It’s hard to believe but we are already past the one-third mark of the NBA season. With just two more game in 2015, the Nuggets are in a strange place – just 1.5 games out of the 8th seed in the western conference, and 1.5 games ahead of the 14th placed New Orleans Pelicans. The season has been full of ups and downs, from Mudiay’s game winning blocked shot against Damien Lillard, to the team’s 8-game losing streak in November. Yet despite the downs, this rebuilding year has shown a lot of signs of promise. As we get ready to turn the calendar to a new year, let’s hand out first trimester grades.

Nikola Jokic: A+

Head coach Michael Malone started raving about Jokic on day one of training camp and his excitement about the development of the young Serbian 7-footer has only grown since then. At the start of the season, Jokic was playing sporadically and was yanked anytime he’d make any sort of mistake. As the season has gone on, Jokic has earned Malone’s trust and earned more and more minutes. Jokic played 20 or more minutes just once in the first 10 games of the season, 4 times in games 10-20, and 8 times in games 20-30.

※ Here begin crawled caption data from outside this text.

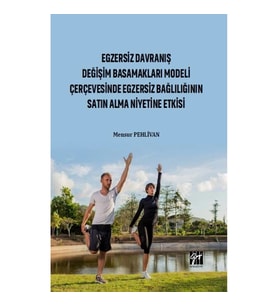 Egzersiz Davranış Değişim Basamakları Modeli Çerçevesinde Egzersiz Bağlılığın Satın Alma Niyetine Et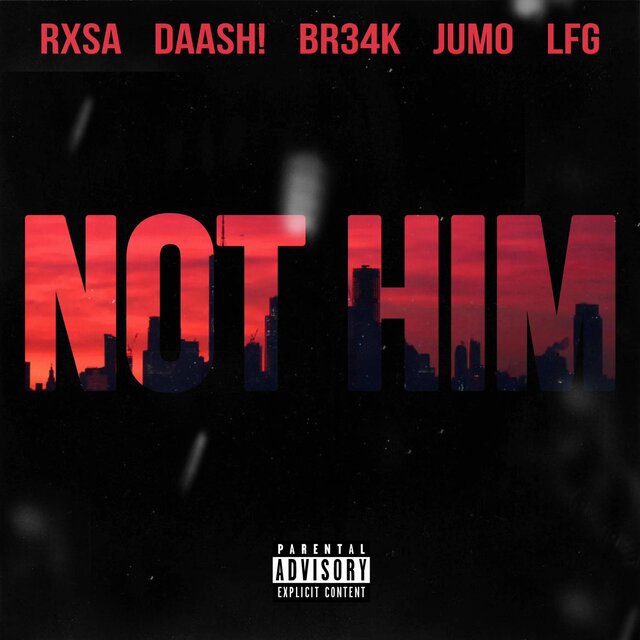 NOT HIM (feat. LFG, Jumo & br34k)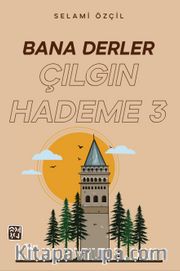 Bana Derler Çılgın Hademe 3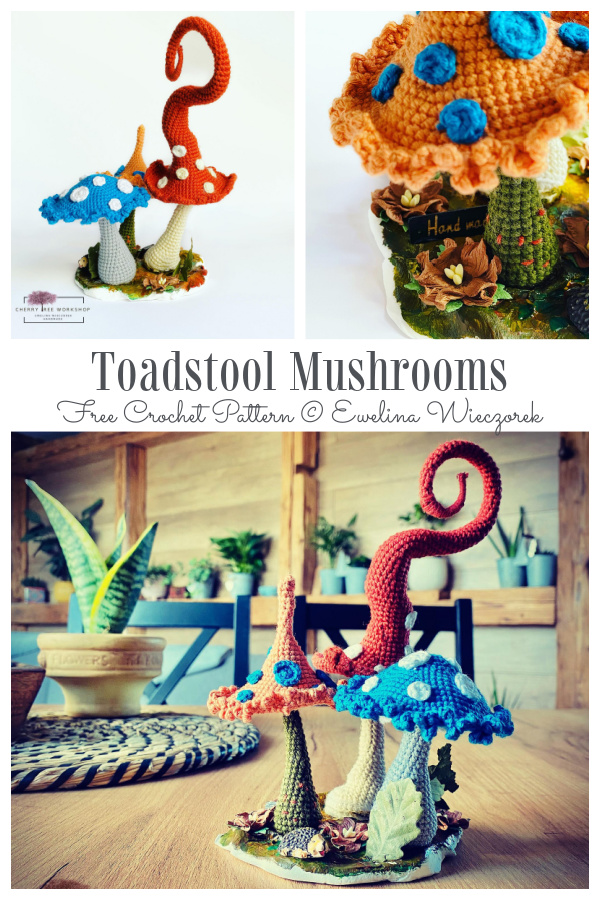 Crochet Toadstool Mushrooms Amigurumi Free Patterns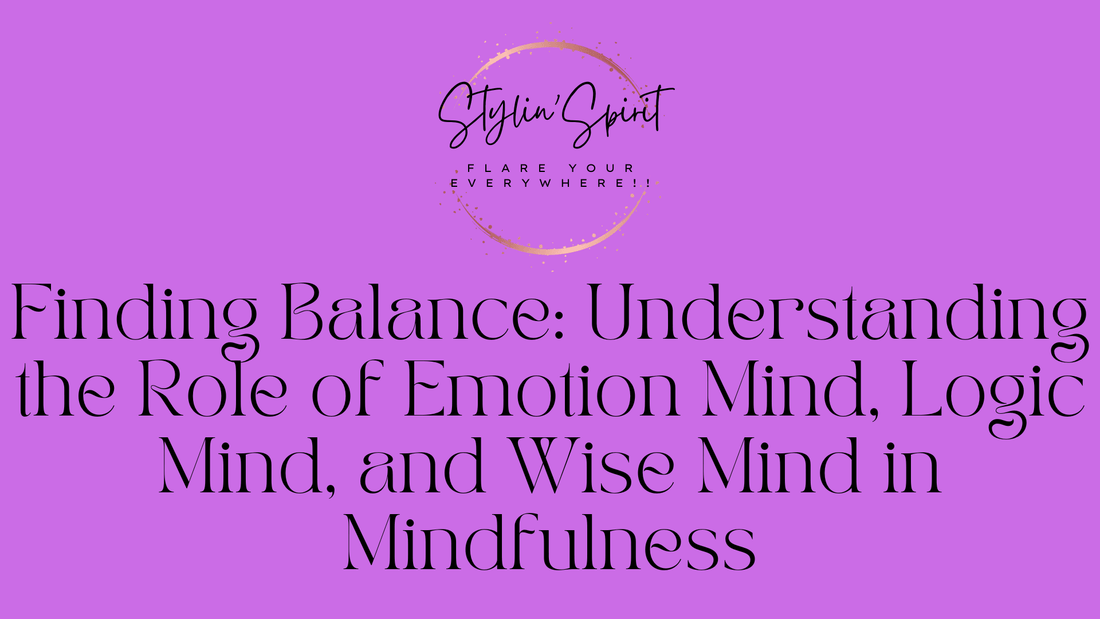 Finding Balance: Understanding the Role of Emotion Mind, Logic Mind, and Wise Mind in Mindfulness - Stylin Spirit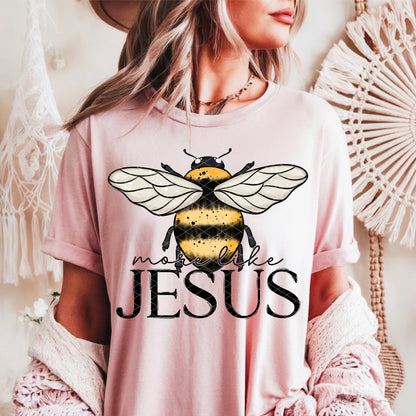Bee More Lik Jesus -DTF&UV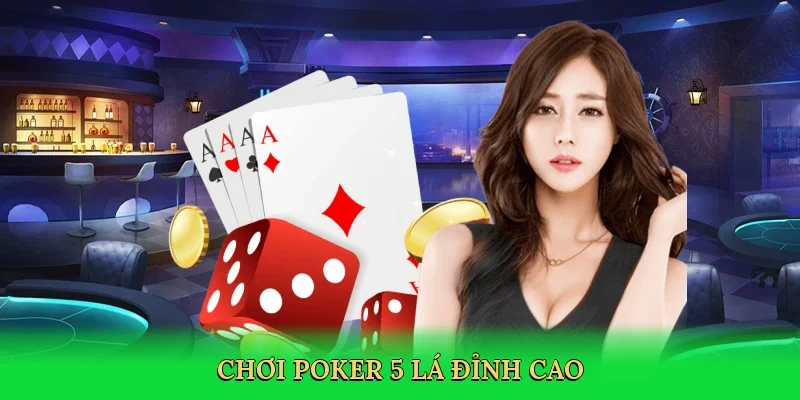 Chơi poker 5 lá đỉnh cao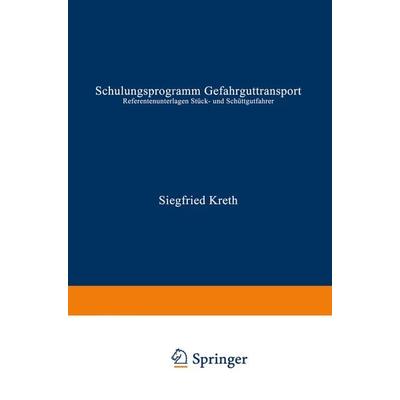 Schulungsprogramm Gefahrguttransport, Taschenbuch von , Springer Berlin, 978-3-540-62426-4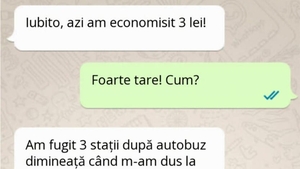 Bancul începutului de săptămână | "Iubire, azi am economisit 3 lei"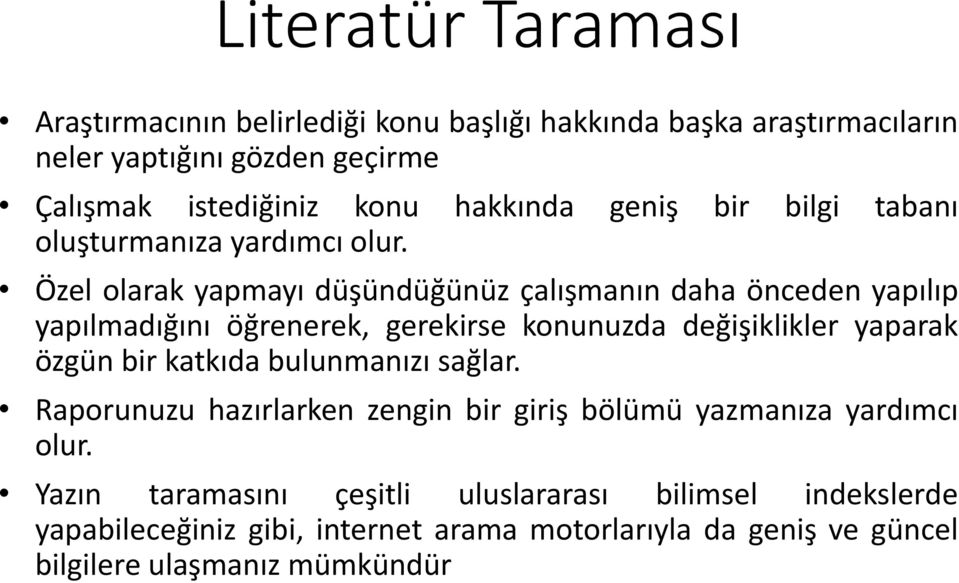 Özel olarak yapmayı düşündüğünüz çalışmanın daha önceden yapılıp yapılmadığını öğrenerek, gerekirse konunuzda değişiklikler yaparak özgün bir katkıda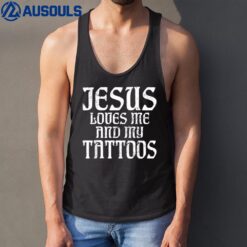 Jesus loves me and my Tattoos Ink Tattoo Lover Tank Top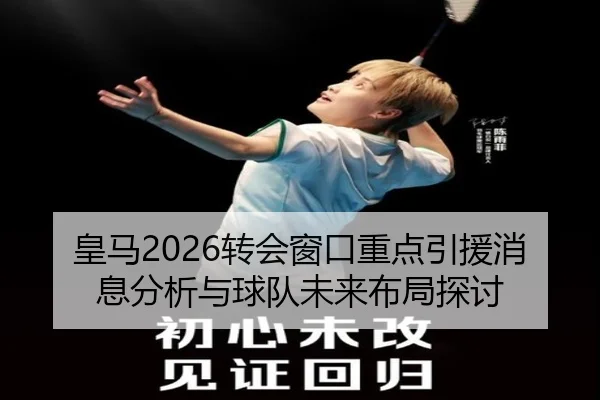 皇马2026转会窗口重点引援消息分析与球队未来布局探讨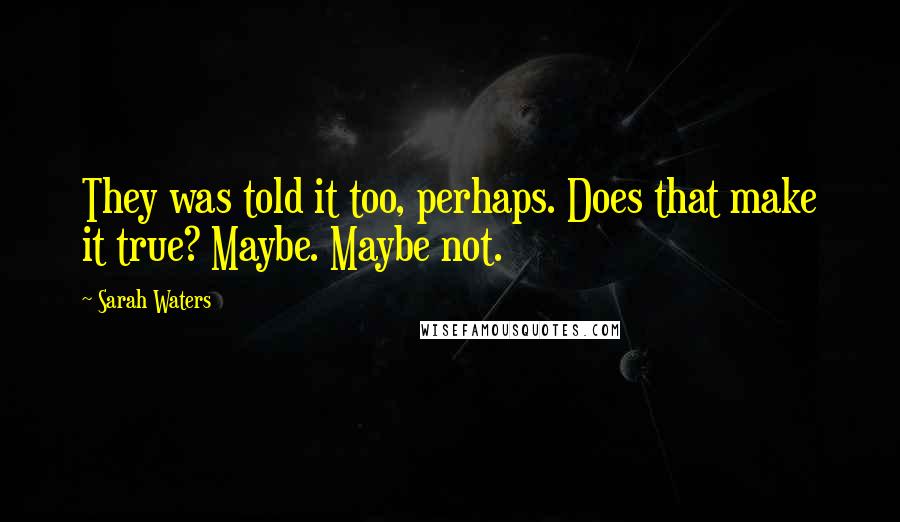 Sarah Waters Quotes: They was told it too, perhaps. Does that make it true? Maybe. Maybe not.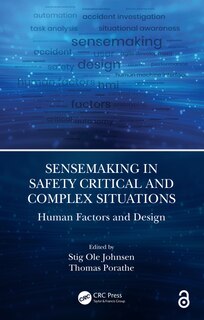 Front cover_Sensemaking in Safety Critical and Complex Situations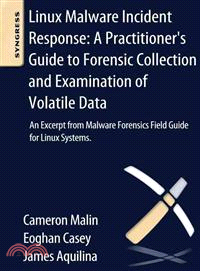 Linux Malware Incident Response: a Practitioner's Guide to Forensic Collection and Examination of Volatile Data—An Excerpt from Malware Forensic Field Guide for Linux Systems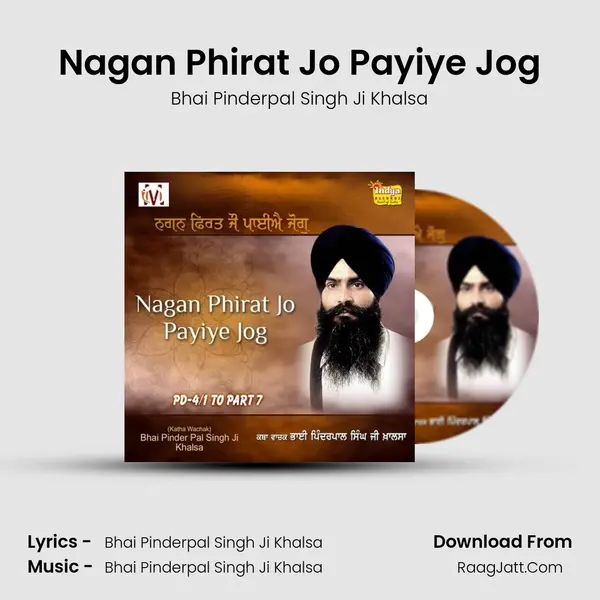 Nagan Phirat Jo Payiye Jog MP3 Song by Bhai Pinderpal Singh Ji Khalsa Cover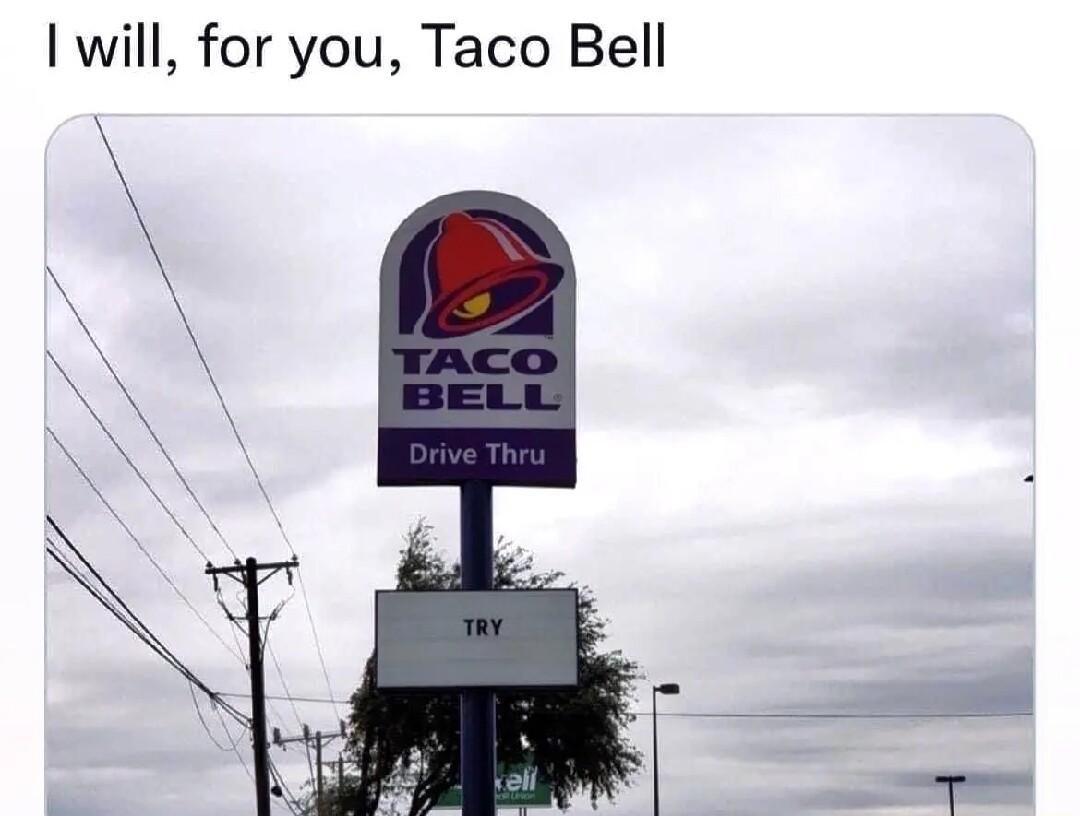 will for you Taco Bell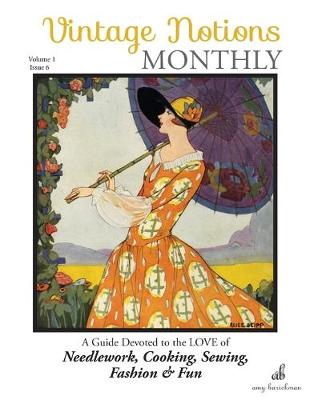 Cover of Vintage Notions Monthly - Issue 6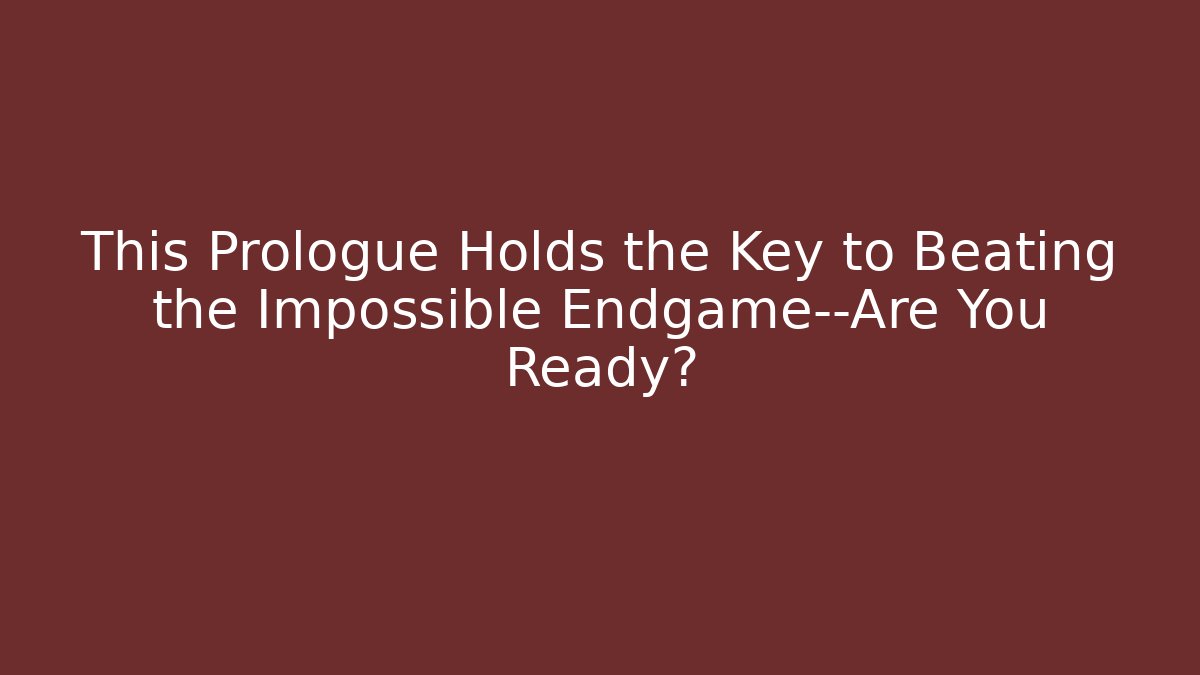 This Prologue Holds the Key to Beating the Impossible Endgame—Are You Ready?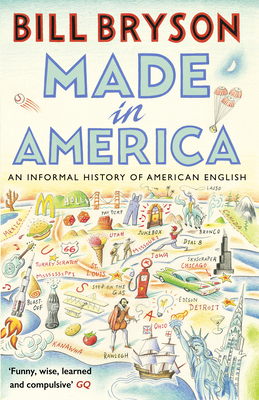 Made In America: An Informal History of America... 1784161861 Book Cover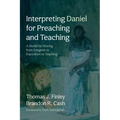 Interpreting Daniel for Preaching and Teaching - Paperback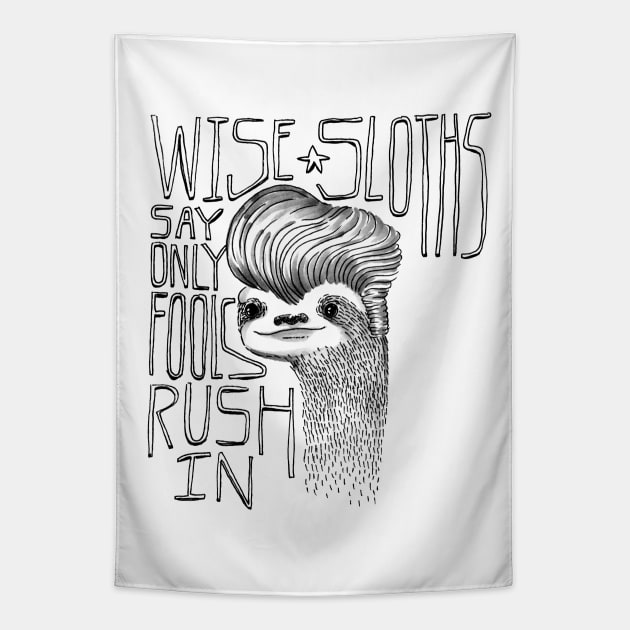 Wise Sloths Say Tapestry by sixfootgiraffe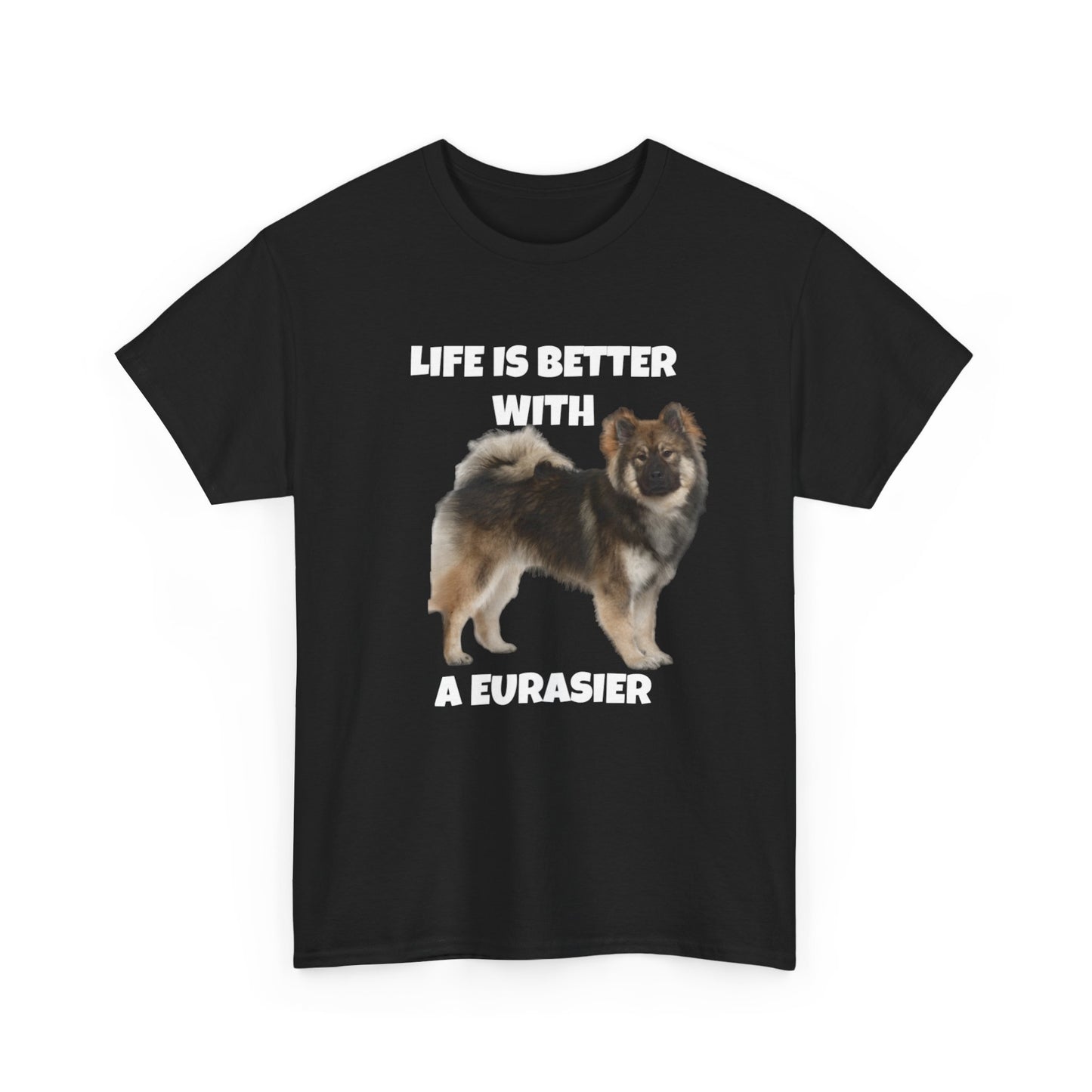 Eurasier, Eurasier Dog, Life is Better with a Eurasier, Dark Unisex Heavy Cotton Tee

Jokic's all-around game has been on full display in the first two months of the season. He has excellent footwork on post-ups, incredibly soft touch on his jumper and around the rim, and is a great passer. His decision making on offense as well as his overall feel for the game have been off of the charts for a rookie. On the defensive end, he's been surprisingly effective. He has the best DRtg on the team as well as the team's best individual ORtg. In short, Jokic has been the best part of the Nuggets season so far. Coming into the season, Nuggets fans would've been happy if he showed the upside to become a successful role player but Jokic has shown that he is much more than that.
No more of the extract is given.